Es gibt einen Weihnachtsmann, sonst könntest du auch den Märchen nicht glauben. Gewiss, du könntest deinen Papa bitten, er solle am Heiligen Abend Leute ausschicken, den Weihnachtsmann zu fangen. Und keiner von ihnen bekäme den Weihnachtsmann zu Gesicht – was würde das beweisen?
Kein Mensch sieht ihn einfach so. Das beweist gar nichts. Die wichtigsten Dinge bleiben meistens unsichtbar. Die Elfen zum Beispiel, wenn sie auf Mondwiesen tanzen. Trotzdem gibt es sie.
All die Wunder zu denken – geschweige denn sie zu sehen -, das vermag nicht der Klügste auf der Welt.

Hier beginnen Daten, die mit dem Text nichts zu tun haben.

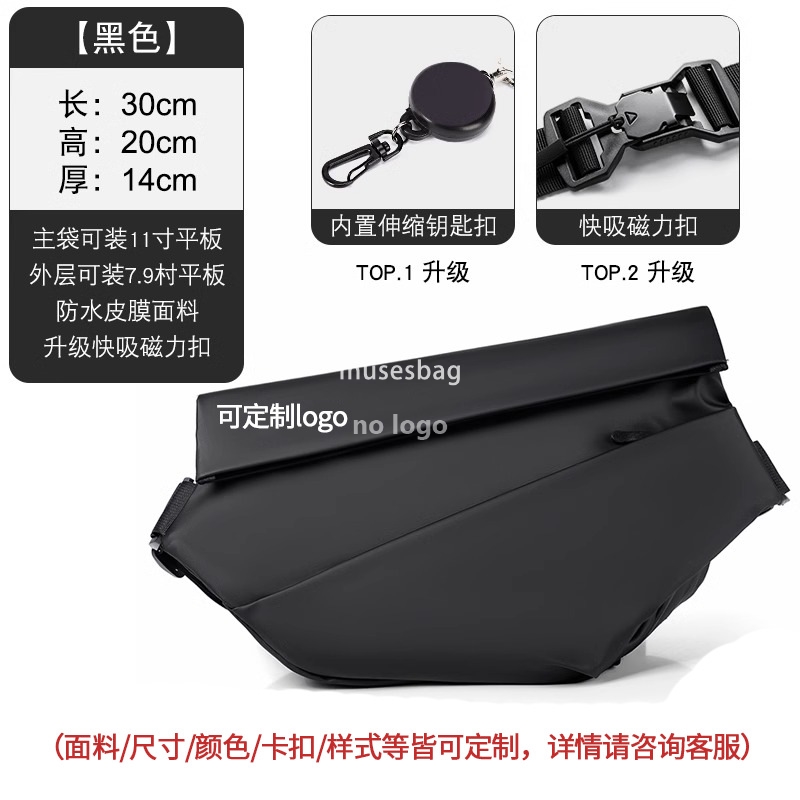 Fashion brand men's crossbody bag wholesale waterproof ipad multi-functional chest bag fashion cool diagonal shoulder bag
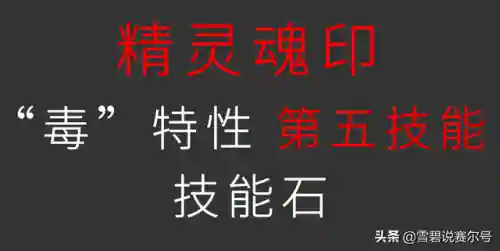 赛尔号启航谱尼真身怎么打(赛尔号手游谱尼真身攻略)插图27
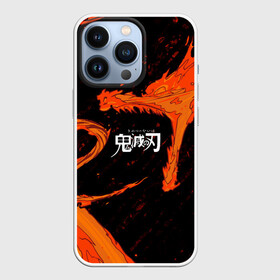 Чехол для iPhone 13 Pro с принтом Дыхание Солнца   Demon slayer в Курске,  |  | anime | dragon | аниме | дракон | дыхание солнца | клинок рассекающий демонов | манга | монстр | мультфильм | огонь | персонаж | пламя | танджиро камадо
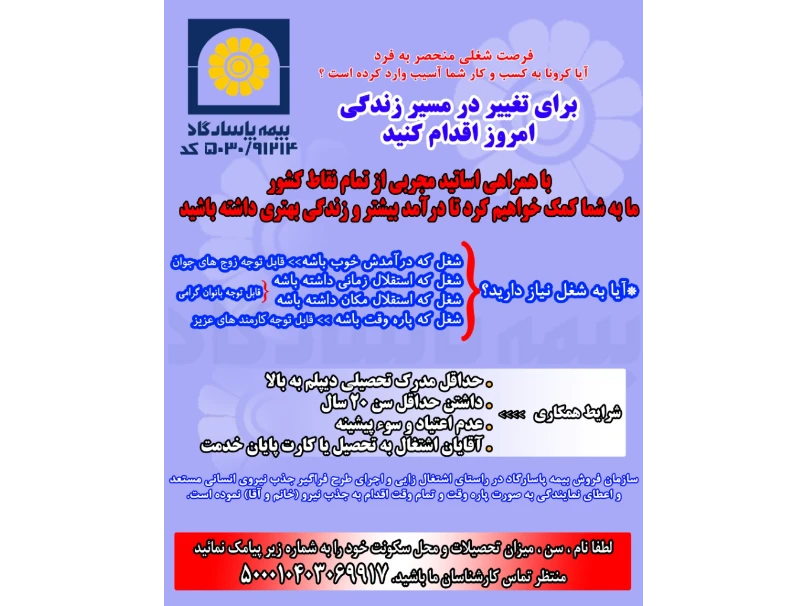 اگه تو استان گیلان شهرستان رودسر و اطراف هستین کافیست با مادر ارتباط باشید 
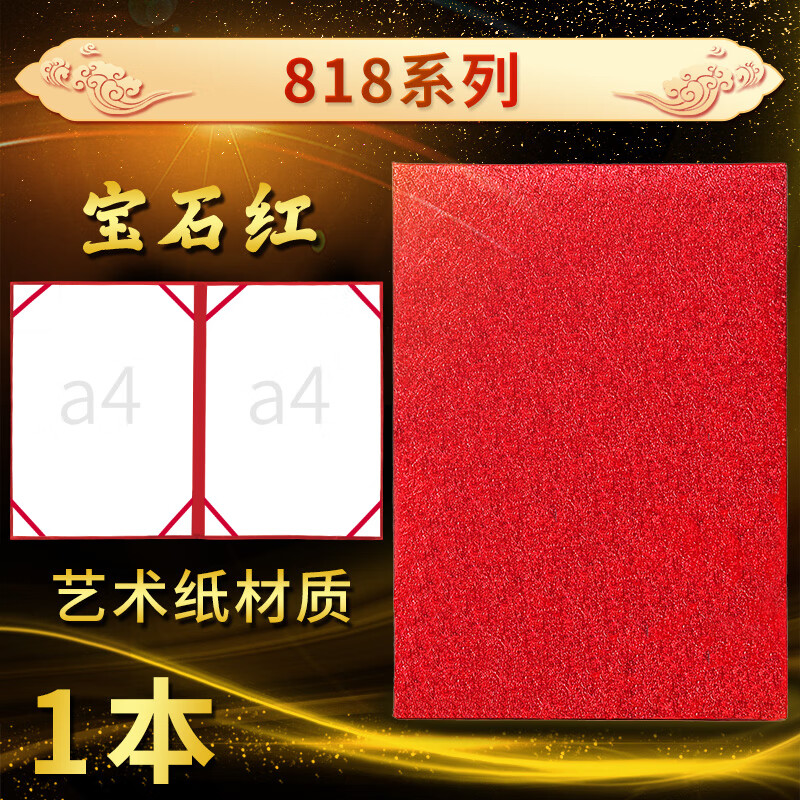 朗诵稿夹诗朗诵夹演讲稿夹签约夹板夹本合同夹诗 818款 宝石红艺术纸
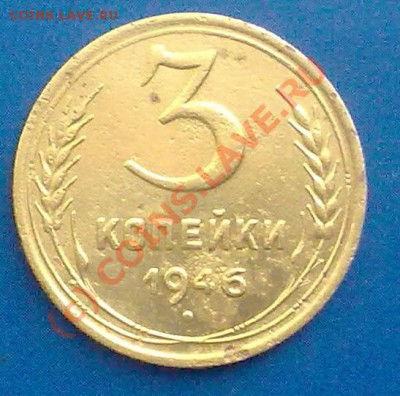 3 копейки1946.перепутка.до 08.07.10 22-00 по Москве - 050720101360-001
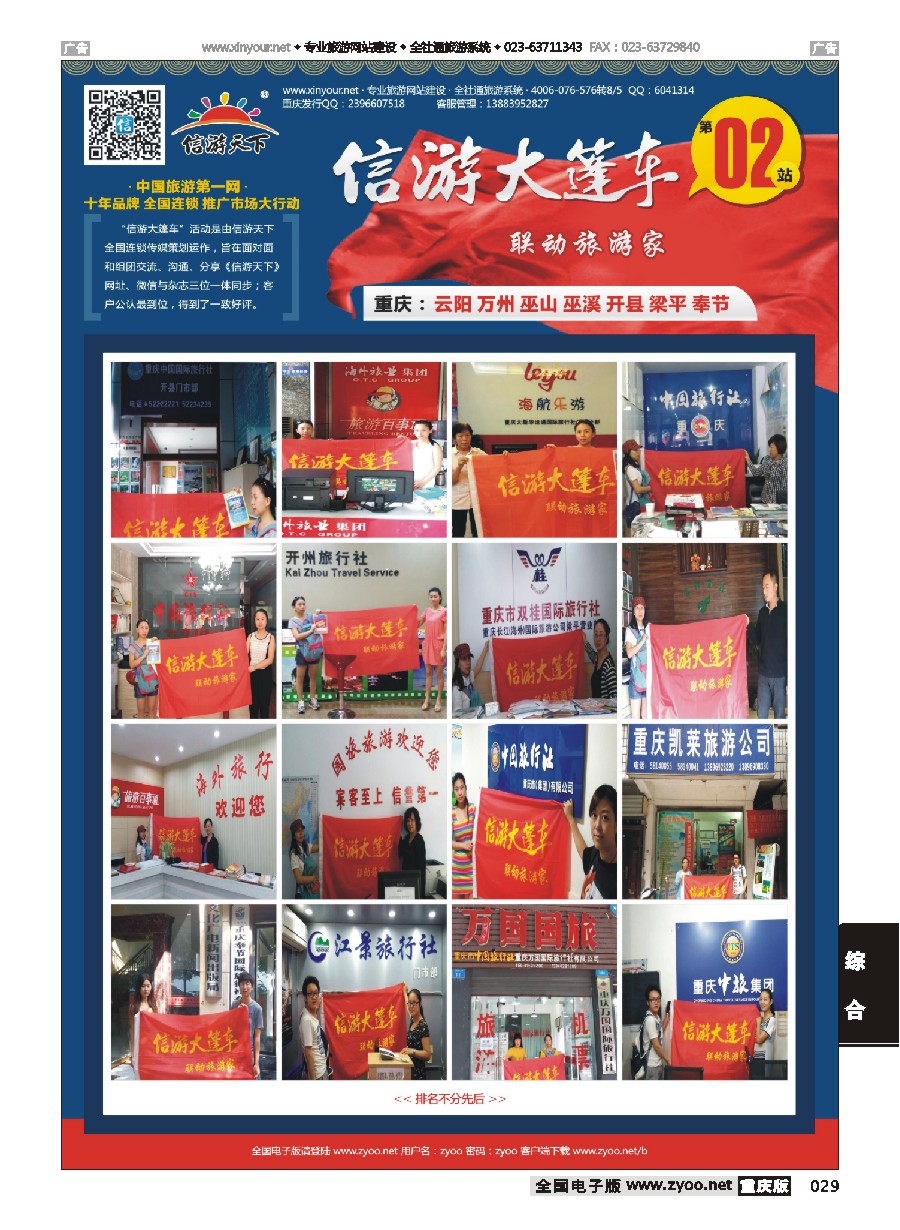 029 畅游大篷车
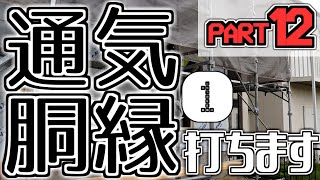 【HIT店】通気胴縁を打ちます①【亀山市にボードゲームカフェを作ろうプロジェクトPart12】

Was du auch siehst, du siehst nie alles. Du kannst ein Kaleidoskop aufbrechen und nach den schönen Farbfiguren suchen. Du wirst einige bunte Scherben finden, nichts weiter. Warum? Weil es einen Schleier gibt, der die wahre Welt verhüllt, einen Schleier, den nicht einmal die Gewalt auf der Welt zerreißen kann. Nur Glaube und Poesie und Liebe können ihn lüften. Dann werden die Schönheit und Herrlichkeit dahinter auf einmal zu erkennen sein. ,Ist das denn auch wahr?’ kannst du fragen. Virginia, nichts auf der ganzen Welt ist wahrer und nichts beständiger.
Der Weihnachtsmann lebt, und ewig wird er leben. Sogar in zehn mal zehntausend Jahren wird er da sein, um Kinder wie dich und jedes offene Herz mit Freude zu erfüllen.
Frohe Weihnacht, Virginia.
Dein Francis Church.”
PS: Der Briefwechsel zwischen Virginia O’Hanlon und Francis P. Church stammt aus dem Jahr 1897. Er wurde über ein halbes Jahrhundert – bis zur Einstellung der „Sun” 1950 – alle Jahre wieder zur Weihnachtszeit auf der Titelseite der Zeitung abgedruckt. Und seit 1977 – nachdem WamS-Autor Rolf R. Bigler (1930-1978) die Idee dazu hatte – in WELT am SONNTAG.